In an enclosed cooker such as a crock-pot, they need some fat on the meat to aid in moisture retention. Brine can help to some degree, but moisture retention is more about cooking chamber humidity, cooking chamber temp and finished internal temp. First, I'd go to around 155-160* maximum internal for slicing with pork shoulder or rump cuts, 200* max for pulling...probe for tenderness before removing from the cooker. The bigger the piece, the longer it should rest before processing to serve.

Second thing I would suggest is to smoke 'em up low & slow in a wet-to-dry smoke chamber, as I've done here...all the gory details, theory and method:

http://www.smokingmeatforums.com/t/...n-gourmet-w-dry-smoke-chamber-q-view-finished

A follow-up second round with some refinement to the method for a better balance of smoke reaction, bark and moisture retention:

http://www.smokingmeatforums.com/t/...mmed-butt-wet-dry-smoke-chamber-q-view-method

Here's a killer 1-week brine, if you want to go that route...great penetration of brine for the full flavor experience all the way to the core of the shoulder, if given enough time. We LOVE this stuff for fresh pork butts...with dry rub to match, and not very salty when these are paired together. You may want to modify it if you can't locate all the ingredients...main rub and brine ingredients are dried tart cherry, dried apple (of your choice) and dried red bell pepper:

http://www.smokingmeatforums.com/t/...-rub-2-butts-recipes-q-view-1-sliced-2-pulled

Eric


----------



## snorkelinggirl (Mar 15, 2013)

swesch said:


> We purchase a side of pork.  I never have any trouble using it up until I get to the ham roasts, which I have not had them cure.  No matter how I try to cook them (crock pot, oven roast) they turn out dry.  Suggestions?  I do have a MES that I could use.  Do I need to do some brining or something?
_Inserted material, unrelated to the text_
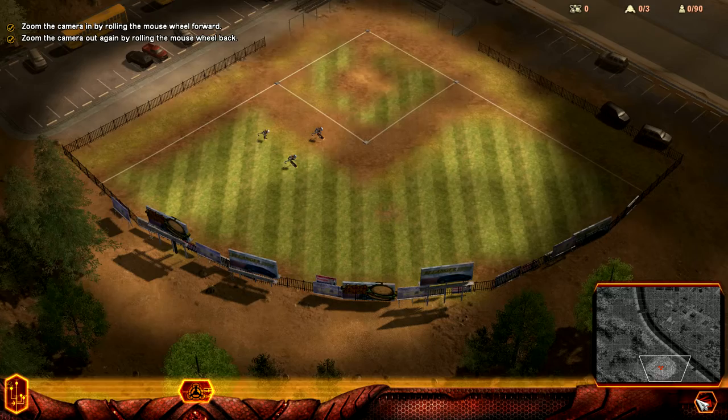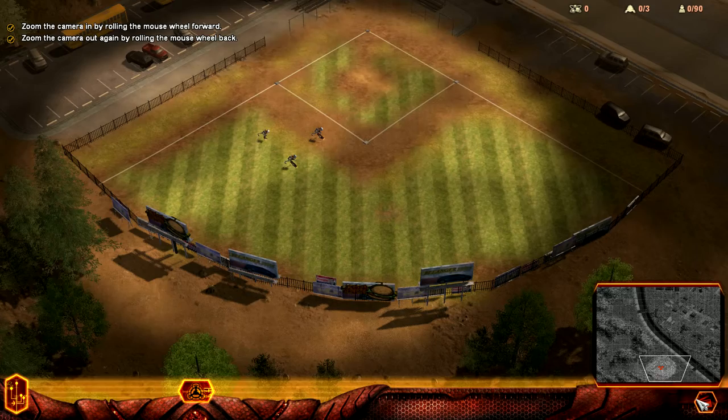In the bottom right corner of the screen you will see a radar display that depicts the entire map. Units and structures appear as small colored points on the map, and each faction is represented in a different color. In this scenario, your units are represented in red and the enemy units are represented in green.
I'm in the exact same boat as you. I had the leg of my last pork side done as 4 lb skin-off, bone-in, uncured roasts. I currently have 2 of the roasts sitting in a brine bucket and am planning to turn them into ham. I used Pop's brine recipe with 1/2 cup salt, 1/2 cup brown sugar, 1/2 cup white sugar, and 1 Tbsp cure #1 in 1 gallon of water, and also injected the brine. I'm going to leave them in the brine for 2-3 weeks, then smoke them to 145 deg IT, rest overnight, then reheat in the oven with a brown sugar/mustard/bourbon glaze.  This is my first time curing ham, so I'm hoping it works out because I have 3 more of these suckers to use up.


----------



## swesch (Mar 15, 2013)

Thanks!


----------